▸ **Problem description**
Each record below needs to be set down again exactly.

--- Record set Enclosed Below ---

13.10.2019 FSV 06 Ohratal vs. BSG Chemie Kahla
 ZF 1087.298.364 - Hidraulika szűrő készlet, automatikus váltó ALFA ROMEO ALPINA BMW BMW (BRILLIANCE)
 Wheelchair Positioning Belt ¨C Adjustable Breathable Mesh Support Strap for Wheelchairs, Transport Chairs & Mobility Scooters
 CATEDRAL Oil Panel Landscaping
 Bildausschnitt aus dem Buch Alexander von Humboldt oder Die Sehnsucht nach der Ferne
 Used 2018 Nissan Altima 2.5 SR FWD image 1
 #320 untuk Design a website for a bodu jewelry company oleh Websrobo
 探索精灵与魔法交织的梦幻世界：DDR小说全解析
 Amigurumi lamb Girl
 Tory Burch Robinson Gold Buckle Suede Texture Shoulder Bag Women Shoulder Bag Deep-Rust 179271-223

--- End of Enclosed Record set ---

▸ **Solution below**
13.10.2019 FSV 06 Ohratal vs. BSG Chemie Kahla
 ZF 1087.298.364 - Hidraulika szűrő készlet, automatikus váltó ALFA ROMEO ALPINA BMW BMW (BRILLIANCE)
 Wheelchair Positioning Belt ¨C Adjustable Breathable Mesh Support Strap for Wheelchairs, Transport Chairs & Mobility Scooters
 CATEDRAL Oil Panel Landscaping
 Bildausschnitt aus dem Buch Alexander von Humboldt oder Die Sehnsucht nach der Ferne
 Used 2018 Nissan Altima 2.5 SR FWD image 1
 #320 untuk Design a website for a bodu jewelry company oleh Websrobo
 探索精灵与魔法交织的梦幻世界：DDR小说全解析
 Amigurumi lamb Girl
 Tory Burch Robinson Gold Buckle Suede Texture Shoulder Bag Women Shoulder Bag Deep-Rust 179271-223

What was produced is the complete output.